In June of this year, Joyce Davis of Gurnee, IL took her 10-year-old daughter Julia, a peanut allergy sufferer and Cubs fan, to her first-ever game at Wrigley. Even with extreme precautions taken, Julia's allergy eventually forced her to leave the game after only 30 minutes. Davis sent a letter to the Cubs' organization. She then started a Facebook page requesting a peanut-free zone at the ballpark. The Facebook campaign gathered a small but passionate following, and eventually the Cubs responded by designating the peanut-free zone in the ballpark. The move has been enthusiastically supported by others affected by peanut allergies.

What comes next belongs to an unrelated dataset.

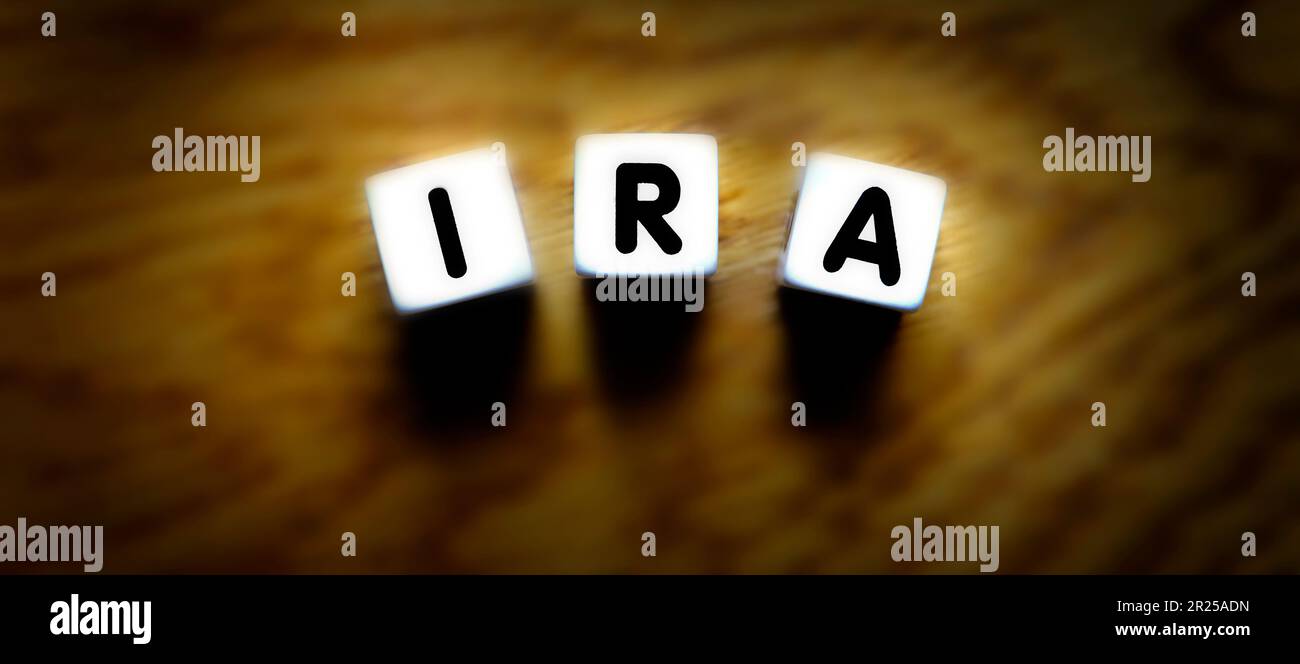 Die IRA hat sich mit Würfeln für die Vorsorgeplanung und die Sparinvestitionen ausgeschrieben Stockfoto Die IRA hat sich mit Würfeln für die Vorsorgeplanung und die Sparinvestitionen ausgeschrieben Stockfoto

And the movement is gathering steam. In fact, the New York Times estimates that nearly one-third of all MLB teams will offer some type of peanut-free seating this season.
The ways that customers interact with brands has completely changed with the growth of social networking. Requests for special consideration or complaints about unfair treatment are no longer a one-on-one interaction between the customer and a customer service department. These interactions are occurring in cyberspace with greater frequency. No longer satisfied to hash out their issues in private, many consumers air their grievances via wall postings on branded Facebook pages, giving users across the Facebook community the opportunity to weigh in. Adoption of these communication tools is creating new challenges for advertisers, and many companies are still struggling to figure out how to use them to their fullest advantage. Social listening is still in its infancy in many ways, but some web-savvy companies are already using unconventional channels to address customers’ specific demands. And now Julia can go see her Cubs.